== Data for this exercise ==
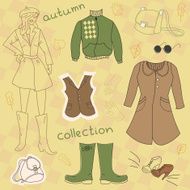 Autumn clothes vector set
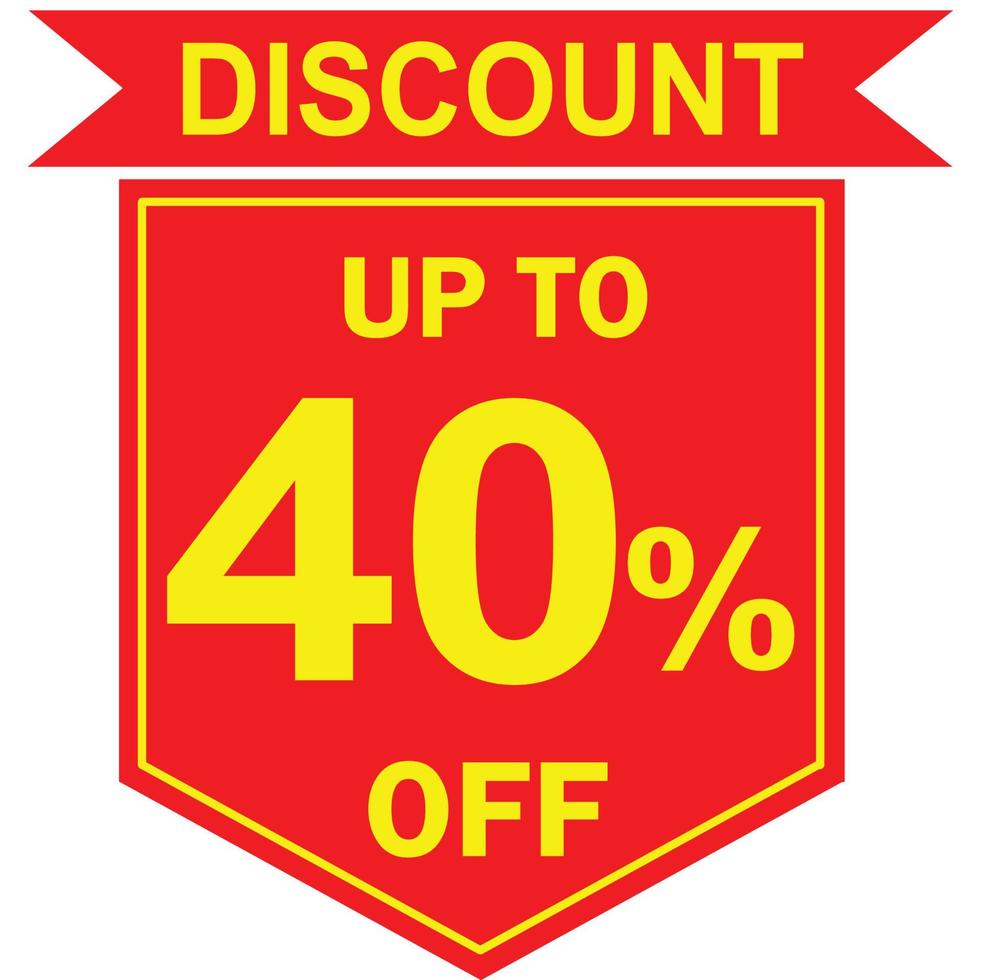 40 percent discount tag vector, Offer tag, Special offer vector, Big sale, Mega sale, Big sale 40 percent discount offer, Super sale 40 percent tag vector, 40 percent special discount offer label vector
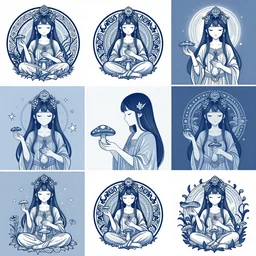 a japanese psychedelic love goddess : : a sense of awe, offering mushrooms, illustration, logo, collage, photocollage, fotocollage, double - exposure, cool color palette, hyperdimensional, good, powerful, massive scale, massive, slime, amanita - muscaria, insanely detailed and intricate, hypermaximalist, elegant, ornate, hyper realistic, super detailed, by tadanori yokoo
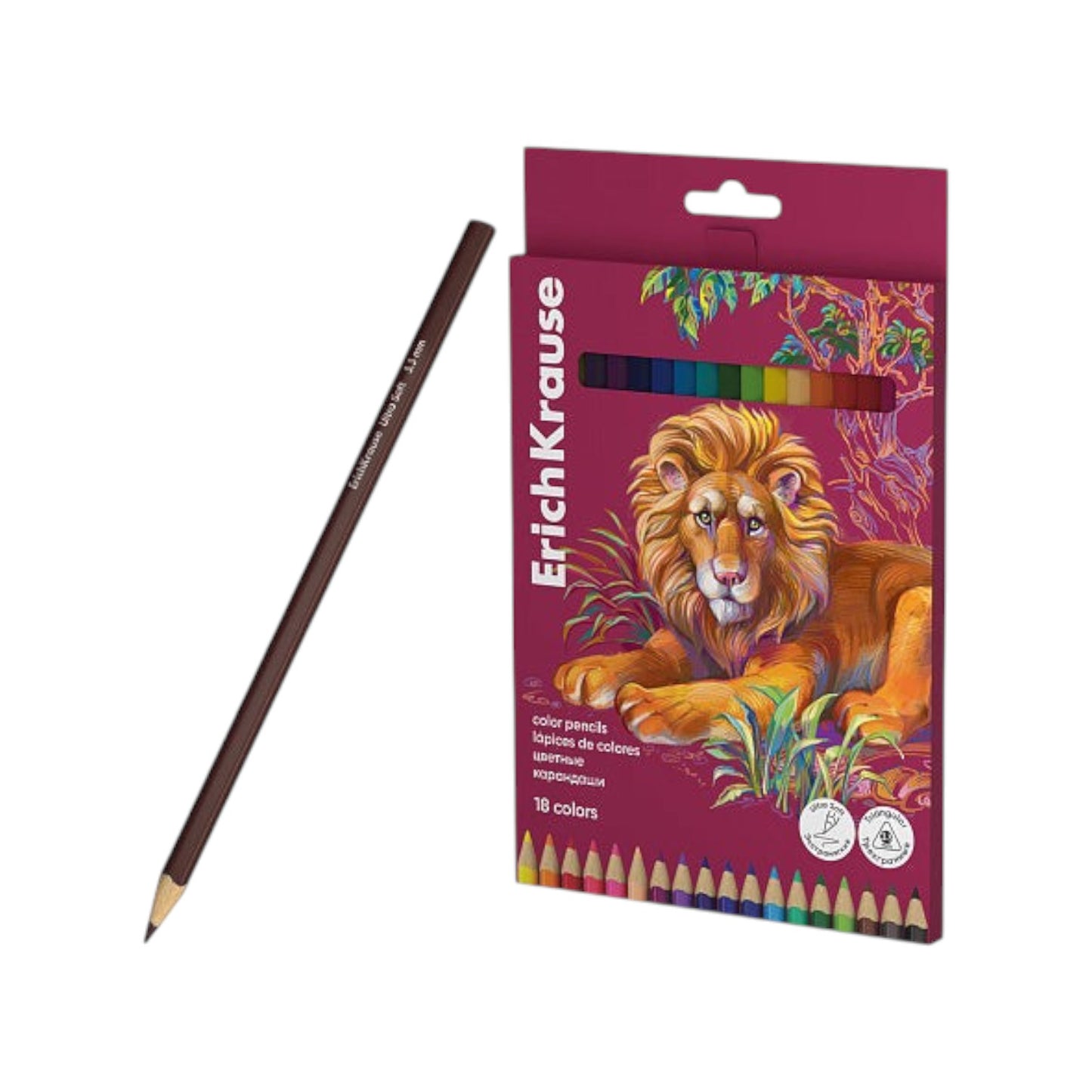 Eric Krause Erasable Colored Pencils Set 6/12/18 Colors Triangular 3.3 mm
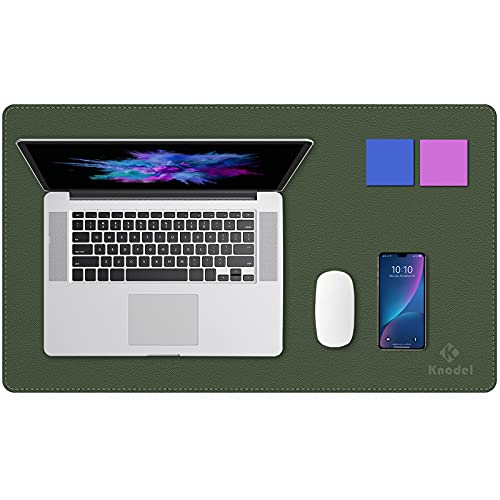 K KNODEL Small Sewing Leather Desk Mat, Desk Pad (Dark Green, 23.6"x13.8") - color: Dark Green/Gray, size: 23.6" x 13.8"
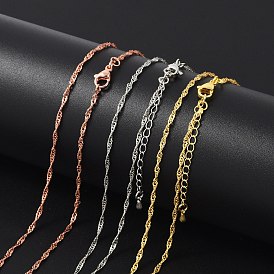 Латунные цепочки сингапур ожерелья для женщин, 304 из нержавеющей стали застежкой омар, стойки покрытие, без свинца и без кадмия, долговечный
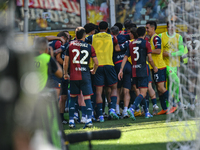 Genoa CFC celebrates scoring the team's first goal to make the score 1-1 during the Serie A ENILIVE 24/25 match between Genoa CFC and AS Rom...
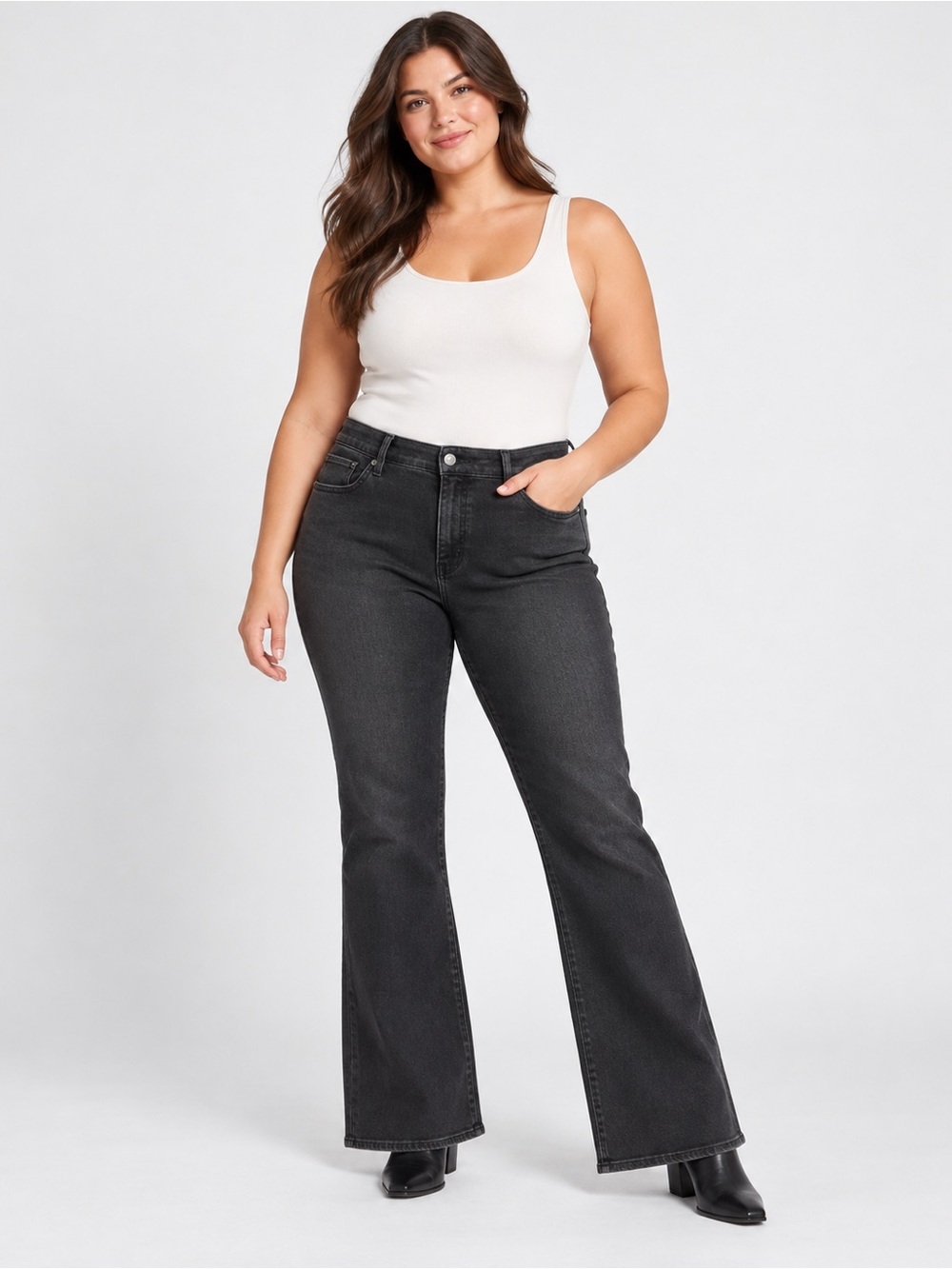 Express Black Mid Rise Bootcut Jeans Women’s 14 Short Stretch Denim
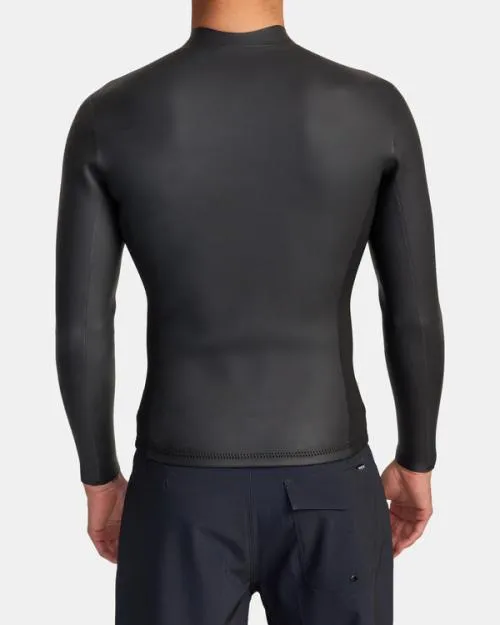 Rvca 2mm Benjamin Jeanjean Front Zip Wetsuit Jacket Black Surf Neoprene Tops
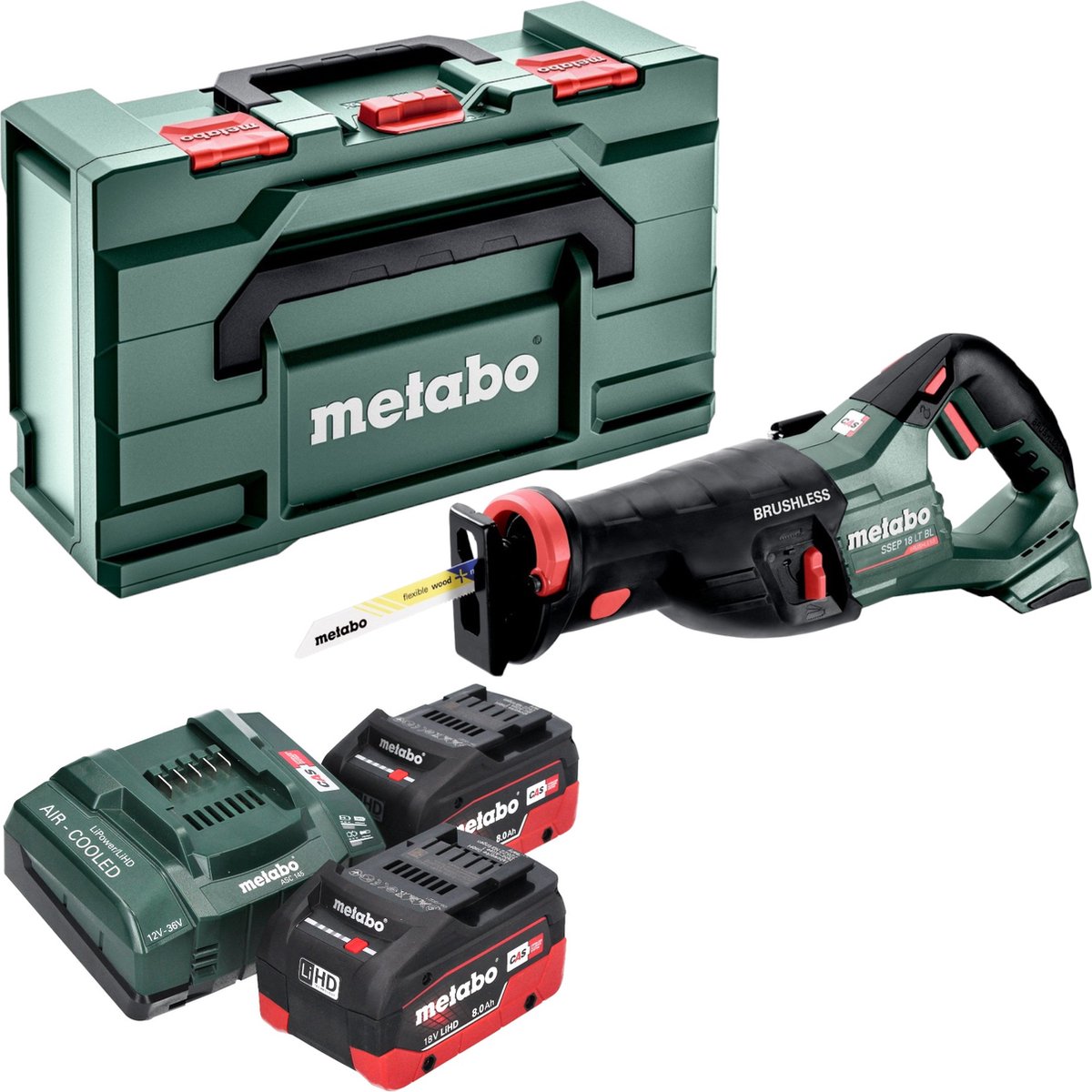 Metabo SSEP 18 LT BL accu reciprozaag 18 V 32 mm borstelloos + 2x LiHD accu 8.0 Ah + lader + metabox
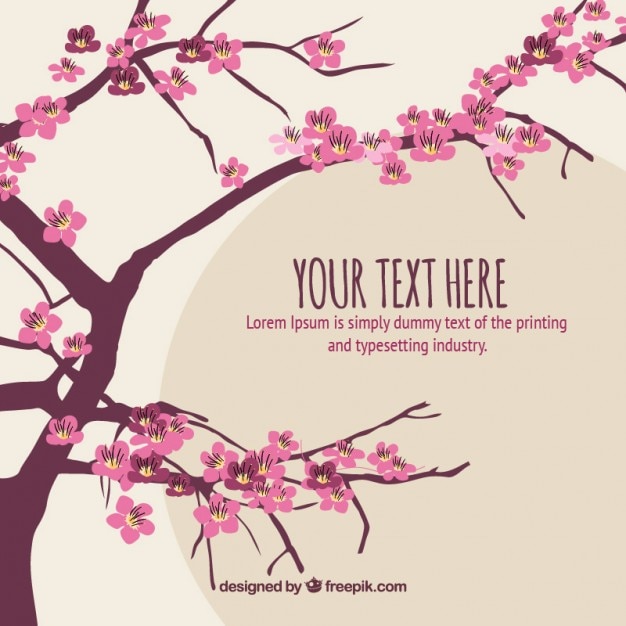 Vettore gratuito disegnato a mano albero di ciliegio con uno sfondo di testo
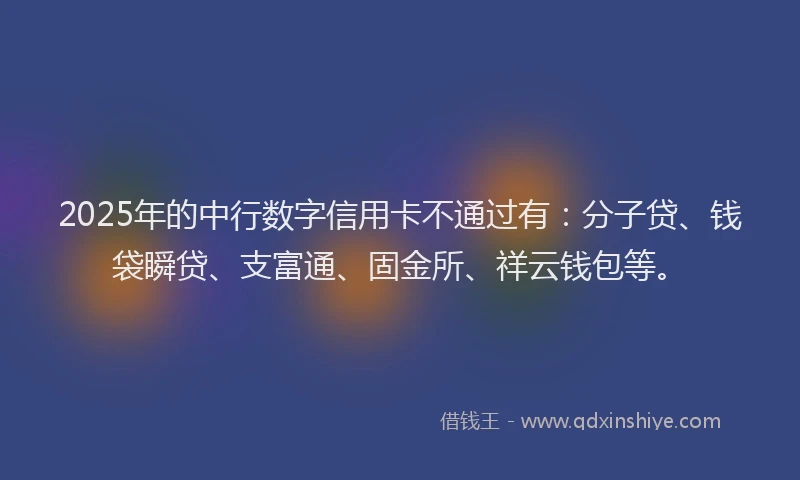 2025年的中行数字信用卡不通过有：分子贷、钱袋瞬贷、支富通、固金所、祥云钱包等。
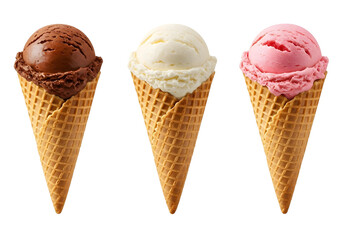 Three Delicious Ice Cream Scoops in Waffle Cones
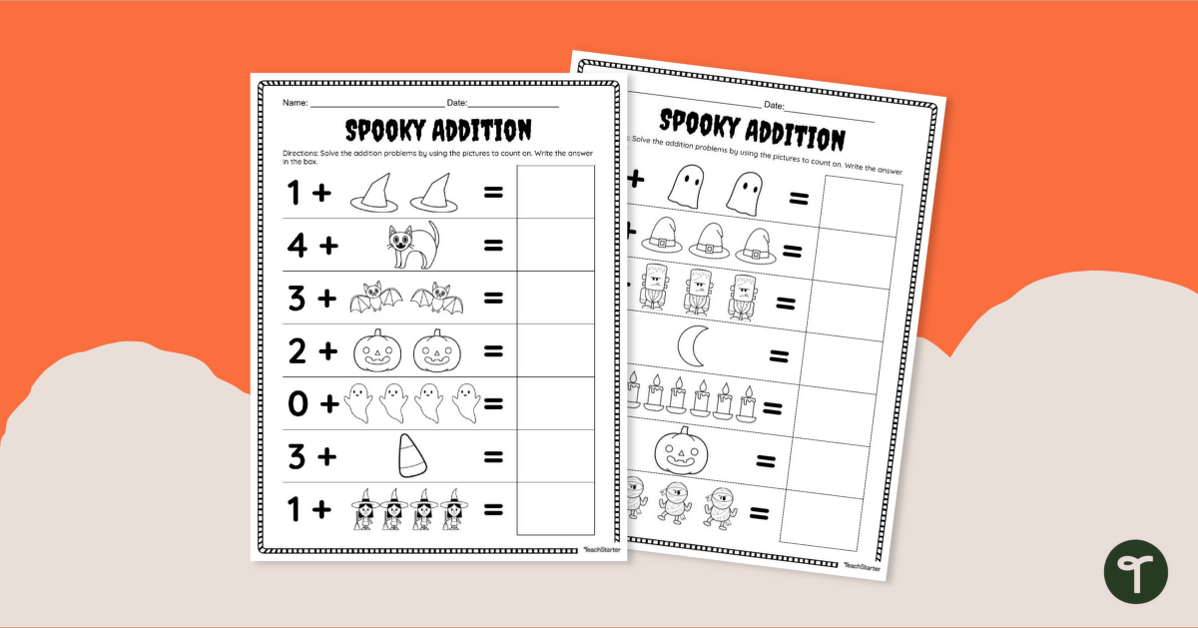 Halloween Addition Worksheets | Teach Starter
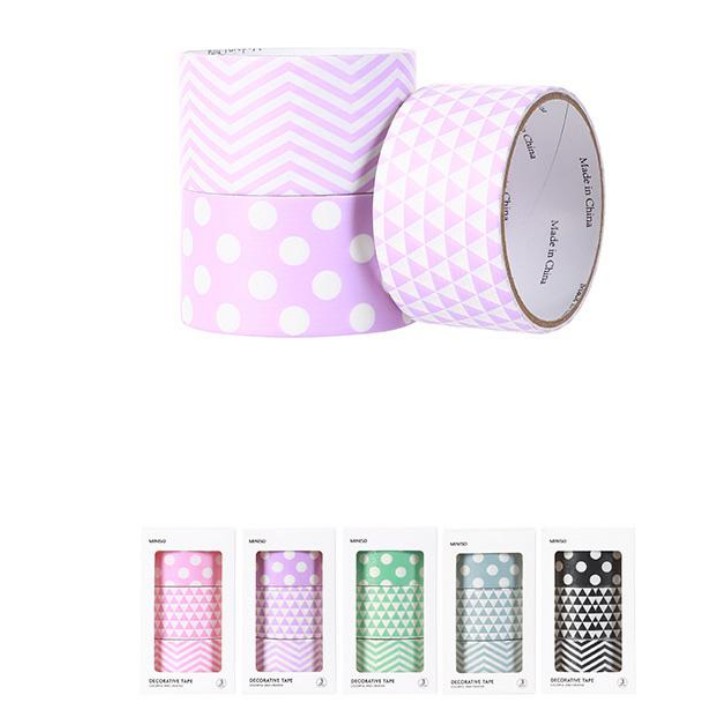 [Mã LIFEMALLCP3 giảm 12% đơn 99K] Combo 3 cuộn băng dính trang trí Miniso Large Decorative Tape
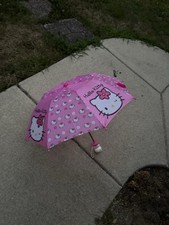 Rare Sanrio Hello pink Kitty Kids Automatic Umbrella With Molded Handle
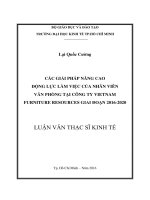 Các giải pháp nâng cao động lực làm việc của nhân viên văn phòng tại công ty TNHH vietnam furniture resources (v f r) giai đoạn 2016 2020 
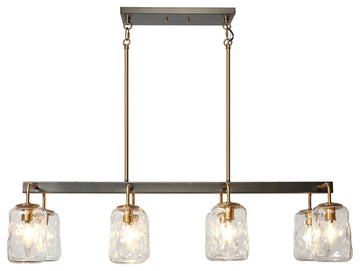 LNC Modern 8-Lights Black Gold Kitchen Island Light Linear Chandelier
===
**Task prompt**.
Only the pictures are to be left out; everything else in the entries above must be duplicated exactly.

**Solution to this task**.
 Autumn clothes vector set
 40 percent discount tag vector, Offer tag, Special offer vector, Big sale, Mega sale, Big sale 40 percent discount offer, Super sale 40 percent tag vector, 40 percent special discount offer label vector
 a japanese psychedelic love goddess : : a sense of awe, offering mushrooms, illustration, logo, collage, photocollage, fotocollage, double - exposure, cool color palette, hyperdimensional, good, powerful, massive scale, massive, slime, amanita - muscaria, insanely detailed and intricate, hypermaximalist, elegant, ornate, hyper realistic, super detailed, by tadanori yokoo
 Eric Krause Erasable Colored Pencils Set 6/12/18 Colors Triangular 3.3 mm
 K KNODEL Small Sewing Leather Desk Mat, Desk Pad (Dark Green, 23.6"x13.8") - color: Dark Green/Gray, size: 23.6" x 13.8"
 Латунные цепочки сингапур ожерелья для женщин, 304 из нержавеющей стали застежкой омар, стойки покрытие, без свинца и без кадмия, долговечный
 Genoa CFC celebrates scoring the team's first goal to make the score 1-1 during the Serie A ENILIVE 24/25 match between Genoa CFC and AS Rom...
 Express Black Mid Rise Bootcut Jeans Women’s 14 Short Stretch Denim
 Rvca 2mm Benjamin Jeanjean Front Zip Wetsuit Jacket Black Surf Neoprene Tops
 Metabo SSEP 18 LT BL accu reciprozaag 18 V 32 mm borstelloos + 2x LiHD accu 8.0 Ah + lader + metabox
 Vettore gratuito disegnato a mano albero di ciliegio con uno sfondo di testo
 2025年的中行数字信用卡不通过有：分子贷、钱袋瞬贷、支富通、固金所、祥云钱包等。
 Three Delicious Ice Cream Scoops in Waffle Cones
 Halloween Addition Worksheets | Teach Starter
 [Mã LIFEMALLCP3 giảm 12% đơn 99K] Combo 3 cuộn băng dính trang trí Miniso Large Decorative Tape
 Rare Sanrio Hello pink Kitty Kids Automatic Umbrella With Molded Handle
 Các giải pháp nâng cao động lực làm việc của nhân viên văn phòng tại công ty TNHH vietnam furniture resources (v f r) giai đoạn 2016 2020 
 LNC Modern 8-Lights Black Gold Kitchen Island Light Linear Chandelier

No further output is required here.